What brings such an idea out of science fiction and into the realm of genuine research, Bettencourt says, is the rapid expansion in the last decade of our ability to measure human and social behaviors across many levels of organizations.

“There has been relatively little progress in turning these increasing volumes of data into predictive scientific knowledge that can be used to intervene and avoid deeper problems,” he says. “Among the critical issues that can be studied relate to the robustness (or lack thereof) of large human social organizations, such as cities and nations, and to resource and environmental stress, and how these factors interact with internal dynamical and organizational structures, including the potential for decay and collapse.”

Although plenty of work has been done to try to capture the internal dynamics of organizations, such as firms or governments, and to model their decision structures, these models apply at best to a single level of organization and typically fail to predict accurately, or to be sensitive to, dynamics and inputs at different scales.
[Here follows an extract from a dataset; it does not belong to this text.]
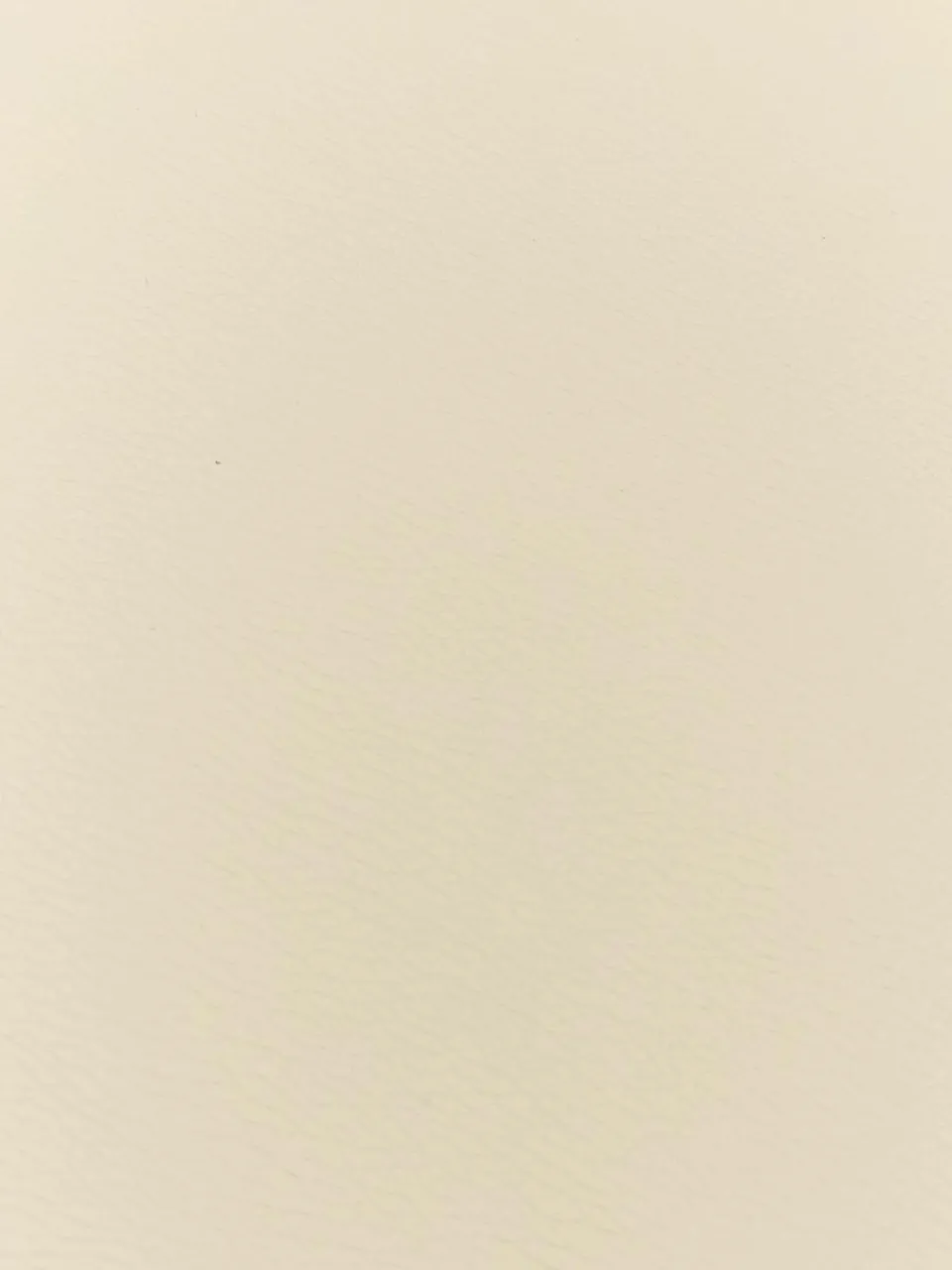 Kunstleren placemats Pik, 2 stuks^ASA Selection Clearance
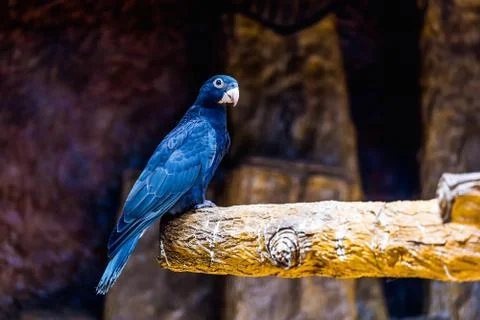 Black parrot Foto stock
Bettencourt wants to address these issues by building a theory based on empirical data about human social organizations across scales from firms to nations.

“It’s really about understanding the nature of these processes and learning how to interfere in them,” he says. “If you understand the nature of problems, specifically in terms of their potential for instability in positive or negative directions, you have a means to tilt the process to a benign outcome.”

The modeling effort draws on SFI's cities and urbanization research.